Great Western Society mourns founding member Graham Perry
GRAHAM PERRY, one of the Great Western Society’s founding members, died on February 9, just a few weeks short of his 80th birthday.
Graham, along with schoolfriends Jon Barlow, Angus Davies and Mike Peart launched a fund in 1961 to preserve a ‘14XX’ 0-4-2T for posterity, as one had not been included on the British Transport Commission’s list of locomotives to be preserved. Graham served as the society’s treasurer from its inception in 1962 and, in April 1964, the society purchased No. 1466, which is expected to return to steam for the first time since 2000 at a special event at Didcot Railway Centre on May 10-12.
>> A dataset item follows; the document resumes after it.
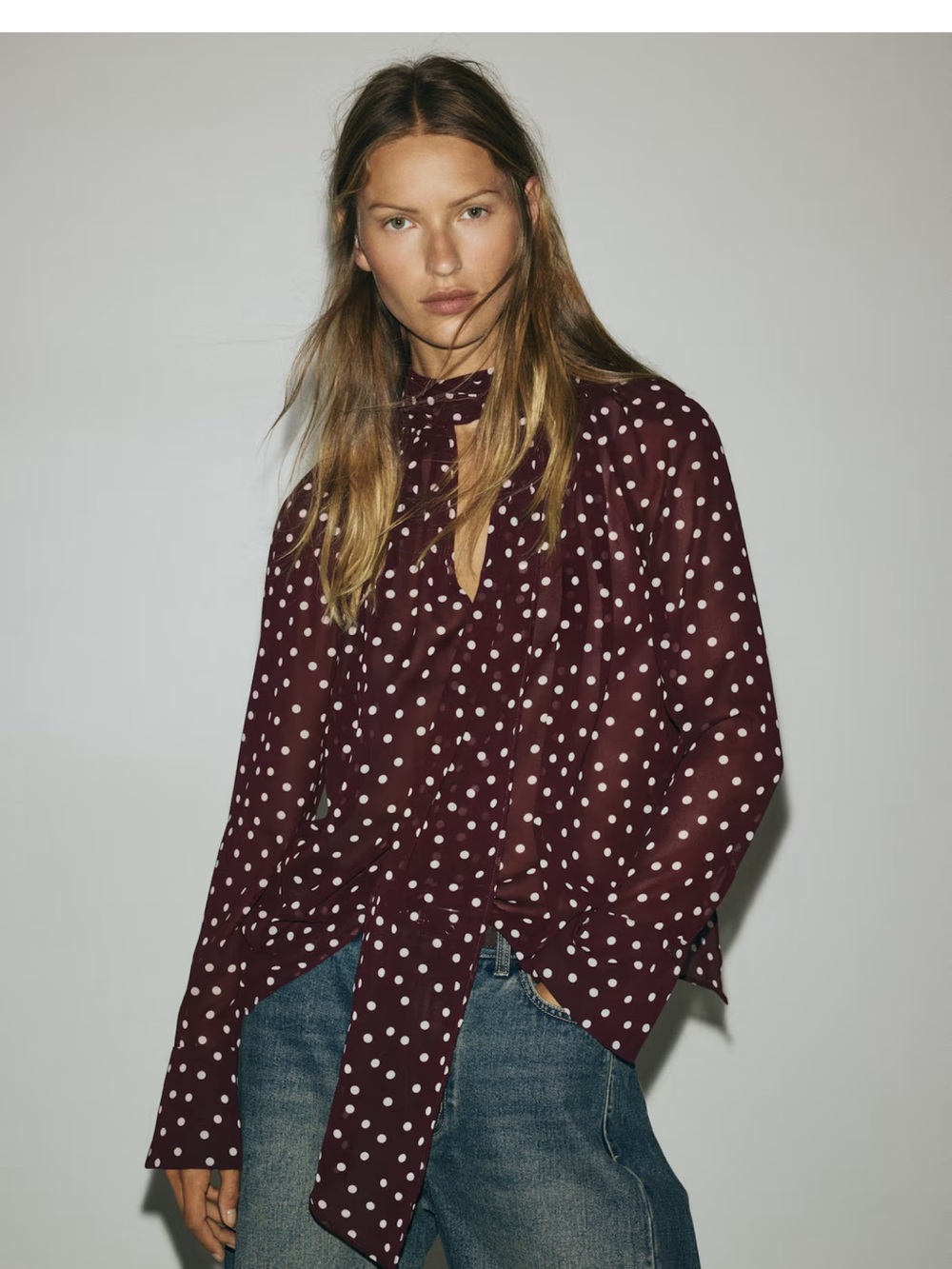 H&M Burgundy Polka Dot Tie-Neck Blouse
Graham then took over as chairman of the GWS in 1968, by which time the society had started moving its growing collection into the former GWR steam shed at Didcot. Paying tribute, the GWS said: “There were many highlights during those years with Graham in charge: No. 1466 being allowed out of the engine shed in 1968 to run on the Wallingford branch line, despite British Rail’s steam ban; and the first open days at Didcot in 1969. The Vintage Train of the 1970s, plus the construction of the carriage shed. The continuing development of Didcot Railway Centre in the 1980s, with the Transfer Shed and broad gauge. Then, in 1985, the 150th anniversary of the Great Western Railway with Didcot providing the main event.
“The 1990s brought major new-build projects, with
Fire Fly under construction, 6023 King Edward II moving to Didcot for restoration, and the ‘Saint’ rebuild commenced. Graham also drove the project in the 1990s for the organisation to go beyond merely being a railway by gaining Museums Registration (now Museums Accreditation).”
Graham served as GWS chairman until 2001, when he handed over the reins to Richard Croucher. In 2002, Graham was awarded an MBE in the Queen’s Birthday Honours for “services to railway heritage.”